Marriage - I take care of you
- Chekuri Vijay
- 2 days ago
- 2 min read
I advise to go through this before reading further.
In the context of marriage, it is very common to hear a man say to a woman, “I will take care of you,” and many women also look for a partner whom they believe will “take care of them.” In my view, this can easily become a trap for both. It often recreates a parent–child pattern: one person becomes the caretaker, the other becomes dependent, and slowly both begin to lose their freedom.
As children, it is natural that our parents take care of us. On one level it is a relief because we do not have to worry about survival, but it can also be difficult, even painful, when care is mixed with control and strict rules. Parents, too, may eventually feel burdened by constant responsibility. If, as adults, we continue to expect someone else to “take care” of us, the same dynamic repeats: we may gain security with one hand but lose freedom with the other, while the one who is “taking care” can feel the weight of lifelong obligation. Over time, both may end up living more from duty than from love.
Adulthood, to me, is the time to express who we really are and to bring out the unique talents hidden within us, while sharing love with the people around us. When love is alive in us toward our children, our spouse, and others, the body cannot sit idle; it naturally moves and does something that adds value to those around us. Society may call this “service,” but in my experience it is simply love expressing itself.

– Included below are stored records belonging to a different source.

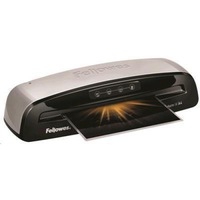 Fellowes 5735401 Saturn 3i A4 Laminator [5735401]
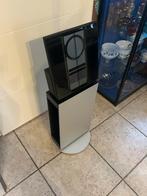 B&O BeoSound 3000 Bang en Olufsen, Ophalen of Verzenden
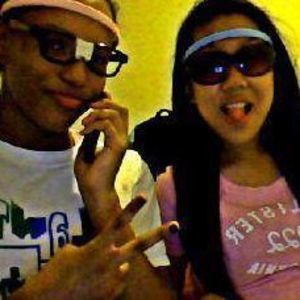 Meet your Posher, Desiree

Imagine a couple where both are true adults: each keen on expressing themselves, who can feel and share love. Such a relationship becomes a space of mutual giving, creativity, and growth, not a contract of mutual caretaking and silent resentment.
What I find very difficult to accept is when actions are done only as formality or duty, without the living movement of love behind them. That kind of action feels like a subtle form of inner violence, a forced movement against one’s own heart. The feeling of genuine love, and the movement that rises spontaneously from it, is something too delicate and sacred to be fully captured in words.